Task brief —
Repeat word for word every line of the data below, from the first through the line containing "This or That", and stop there.

Entries provided —
"""
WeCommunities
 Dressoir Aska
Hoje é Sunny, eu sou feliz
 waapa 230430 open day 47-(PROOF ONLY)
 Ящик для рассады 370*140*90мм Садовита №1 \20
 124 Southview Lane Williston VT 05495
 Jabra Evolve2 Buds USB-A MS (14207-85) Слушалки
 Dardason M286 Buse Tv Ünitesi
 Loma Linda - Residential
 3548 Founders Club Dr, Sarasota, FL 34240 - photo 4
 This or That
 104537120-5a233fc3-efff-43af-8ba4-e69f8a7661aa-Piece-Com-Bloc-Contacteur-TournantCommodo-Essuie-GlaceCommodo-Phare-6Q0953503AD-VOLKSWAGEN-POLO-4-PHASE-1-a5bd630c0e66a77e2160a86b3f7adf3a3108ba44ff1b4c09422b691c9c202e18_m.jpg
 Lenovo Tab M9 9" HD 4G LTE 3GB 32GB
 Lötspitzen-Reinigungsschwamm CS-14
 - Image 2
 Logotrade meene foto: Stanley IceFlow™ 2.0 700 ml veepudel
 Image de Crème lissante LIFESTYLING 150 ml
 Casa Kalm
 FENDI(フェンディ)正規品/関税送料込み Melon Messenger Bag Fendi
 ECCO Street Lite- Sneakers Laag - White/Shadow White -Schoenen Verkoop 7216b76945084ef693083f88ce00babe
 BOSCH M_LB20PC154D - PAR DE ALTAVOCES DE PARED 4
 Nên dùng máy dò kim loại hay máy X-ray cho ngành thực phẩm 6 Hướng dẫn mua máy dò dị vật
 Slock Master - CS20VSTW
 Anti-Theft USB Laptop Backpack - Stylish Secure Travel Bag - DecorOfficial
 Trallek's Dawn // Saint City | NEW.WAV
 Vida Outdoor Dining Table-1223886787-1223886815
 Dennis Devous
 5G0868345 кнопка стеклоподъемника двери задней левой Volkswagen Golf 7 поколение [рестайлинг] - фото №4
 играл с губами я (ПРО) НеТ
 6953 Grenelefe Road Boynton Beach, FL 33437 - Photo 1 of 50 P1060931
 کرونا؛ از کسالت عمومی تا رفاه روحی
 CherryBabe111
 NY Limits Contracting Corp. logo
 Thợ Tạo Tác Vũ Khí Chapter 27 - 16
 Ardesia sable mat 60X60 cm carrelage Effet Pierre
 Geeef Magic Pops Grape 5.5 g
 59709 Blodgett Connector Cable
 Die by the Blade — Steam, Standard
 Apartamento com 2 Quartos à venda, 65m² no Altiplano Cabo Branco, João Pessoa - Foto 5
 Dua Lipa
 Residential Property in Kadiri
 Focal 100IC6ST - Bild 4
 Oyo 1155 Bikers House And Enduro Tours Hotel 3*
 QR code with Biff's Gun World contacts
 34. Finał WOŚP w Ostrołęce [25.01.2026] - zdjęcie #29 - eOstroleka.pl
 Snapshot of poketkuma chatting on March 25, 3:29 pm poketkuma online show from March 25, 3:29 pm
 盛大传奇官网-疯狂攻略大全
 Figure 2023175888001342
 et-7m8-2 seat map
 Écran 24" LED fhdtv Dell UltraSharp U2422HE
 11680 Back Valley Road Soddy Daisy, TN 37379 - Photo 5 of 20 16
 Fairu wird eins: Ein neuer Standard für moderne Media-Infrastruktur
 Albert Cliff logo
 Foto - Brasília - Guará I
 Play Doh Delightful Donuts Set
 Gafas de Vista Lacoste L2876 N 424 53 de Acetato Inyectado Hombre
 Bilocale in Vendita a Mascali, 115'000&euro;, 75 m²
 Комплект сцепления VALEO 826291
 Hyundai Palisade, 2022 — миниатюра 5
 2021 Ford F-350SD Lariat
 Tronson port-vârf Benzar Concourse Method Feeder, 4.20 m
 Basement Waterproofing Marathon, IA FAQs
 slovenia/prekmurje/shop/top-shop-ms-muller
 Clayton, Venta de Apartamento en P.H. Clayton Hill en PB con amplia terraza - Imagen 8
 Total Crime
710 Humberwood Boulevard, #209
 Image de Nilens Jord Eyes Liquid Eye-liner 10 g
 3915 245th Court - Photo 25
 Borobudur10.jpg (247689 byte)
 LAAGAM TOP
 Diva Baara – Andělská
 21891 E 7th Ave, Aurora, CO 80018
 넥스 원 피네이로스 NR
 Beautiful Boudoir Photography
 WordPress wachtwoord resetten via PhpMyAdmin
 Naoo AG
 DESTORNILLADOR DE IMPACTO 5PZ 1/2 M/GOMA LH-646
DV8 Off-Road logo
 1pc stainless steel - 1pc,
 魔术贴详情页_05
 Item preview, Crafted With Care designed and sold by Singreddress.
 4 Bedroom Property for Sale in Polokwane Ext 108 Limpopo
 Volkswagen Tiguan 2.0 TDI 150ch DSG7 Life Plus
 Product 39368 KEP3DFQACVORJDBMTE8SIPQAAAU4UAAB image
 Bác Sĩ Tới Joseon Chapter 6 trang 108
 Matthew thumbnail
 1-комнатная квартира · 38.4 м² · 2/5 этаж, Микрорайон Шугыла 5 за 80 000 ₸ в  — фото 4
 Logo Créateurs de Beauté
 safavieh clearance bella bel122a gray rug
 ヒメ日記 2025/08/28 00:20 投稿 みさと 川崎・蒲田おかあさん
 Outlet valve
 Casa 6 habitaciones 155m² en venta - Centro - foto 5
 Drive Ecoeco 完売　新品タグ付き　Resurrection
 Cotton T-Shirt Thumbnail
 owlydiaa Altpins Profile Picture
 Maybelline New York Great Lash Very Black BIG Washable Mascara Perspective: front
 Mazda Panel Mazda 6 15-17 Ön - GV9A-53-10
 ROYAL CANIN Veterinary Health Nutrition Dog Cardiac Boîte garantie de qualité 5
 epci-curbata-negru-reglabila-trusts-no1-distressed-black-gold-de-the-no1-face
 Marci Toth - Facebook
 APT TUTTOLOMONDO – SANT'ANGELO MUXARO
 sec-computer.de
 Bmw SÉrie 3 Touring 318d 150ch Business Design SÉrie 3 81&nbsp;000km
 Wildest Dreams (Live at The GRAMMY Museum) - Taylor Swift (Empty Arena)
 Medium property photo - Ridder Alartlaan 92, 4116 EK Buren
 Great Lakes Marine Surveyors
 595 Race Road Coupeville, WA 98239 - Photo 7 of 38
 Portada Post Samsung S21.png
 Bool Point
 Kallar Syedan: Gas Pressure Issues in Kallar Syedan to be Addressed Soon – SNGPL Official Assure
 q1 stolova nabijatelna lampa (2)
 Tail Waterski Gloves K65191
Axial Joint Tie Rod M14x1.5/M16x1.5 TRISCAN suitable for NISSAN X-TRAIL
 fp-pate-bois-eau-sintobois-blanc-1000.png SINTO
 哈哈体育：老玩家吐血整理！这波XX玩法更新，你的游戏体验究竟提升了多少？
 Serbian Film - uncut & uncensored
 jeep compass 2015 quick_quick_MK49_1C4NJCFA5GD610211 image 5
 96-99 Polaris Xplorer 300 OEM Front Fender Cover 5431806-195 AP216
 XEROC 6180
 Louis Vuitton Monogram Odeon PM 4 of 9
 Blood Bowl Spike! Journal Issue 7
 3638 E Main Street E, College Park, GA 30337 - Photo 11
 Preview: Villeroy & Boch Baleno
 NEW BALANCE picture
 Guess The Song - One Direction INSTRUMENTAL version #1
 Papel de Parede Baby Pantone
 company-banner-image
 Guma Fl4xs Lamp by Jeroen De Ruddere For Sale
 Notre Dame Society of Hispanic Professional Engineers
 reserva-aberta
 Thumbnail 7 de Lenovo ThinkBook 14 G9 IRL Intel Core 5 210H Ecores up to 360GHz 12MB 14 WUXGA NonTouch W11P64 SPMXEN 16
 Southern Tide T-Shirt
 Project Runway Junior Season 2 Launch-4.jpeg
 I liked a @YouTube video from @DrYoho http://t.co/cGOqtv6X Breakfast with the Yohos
"""
Worked solution —
WeCommunities
 Dressoir Aska
Hoje é Sunny, eu sou feliz
 waapa 230430 open day 47-(PROOF ONLY)
 Ящик для рассады 370*140*90мм Садовита №1 \20
 124 Southview Lane Williston VT 05495
 Jabra Evolve2 Buds USB-A MS (14207-85) Слушалки
 Dardason M286 Buse Tv Ünitesi
 Loma Linda - Residential
 3548 Founders Club Dr, Sarasota, FL 34240 - photo 4
 This or That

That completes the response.